Cape Property Trends 2017

Cape Property Trends 2017
Sunday, May 21, 2017 Kate Culverwell

As 2017 inches towards mid-year, one thing is certain, the movement of people from the rest of the country to the Western Cape remains a firm trend and has a massive influence on the market.

As the residential population expands, especially in the Cape Town area, so does the demand for property stock. The demand for apartments close to the CBD is especially high, driving prices up. For many, the rising prices of accommodation in this locale are simply unaffordable, and the neighbouring suburb populations are steadily expanding as a result. This is a trend which is set to continue well into the foreseeable future.

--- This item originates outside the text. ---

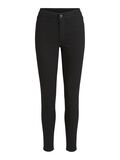 Vila NORMALHÖGA JEGGINGS, Black Denim, highres - 14065432_BlackDenim_001.jpg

The average house price in the Western Cape is R1,411 million compared to R1,042 million in Gauteng. Since the start of the post 2008/9 recession recovery, the average house price for the Western Cape has risen cumulatively by 76.6 %. In Cape Town and specifically the Atlantic Seaboard, a large percentage of properties purchased in the last year are buyers from Gauteng, with this being as much as 85% in Mouille Point. There has also been a noticeable trend in the increase of foreign property investment from African countries as opposed to European buyers. 

After a recent period of consistently high house price growth in the Western Cape, so the level of first time buyers has decreased, with properties becoming increasingly less affordable. This factor has started to put some brakes on demand growth.

According to Pam Golding Properties, the Western Cape market overall, remains very strong, with an average house price inflation of 9.69% for the full year of 2016.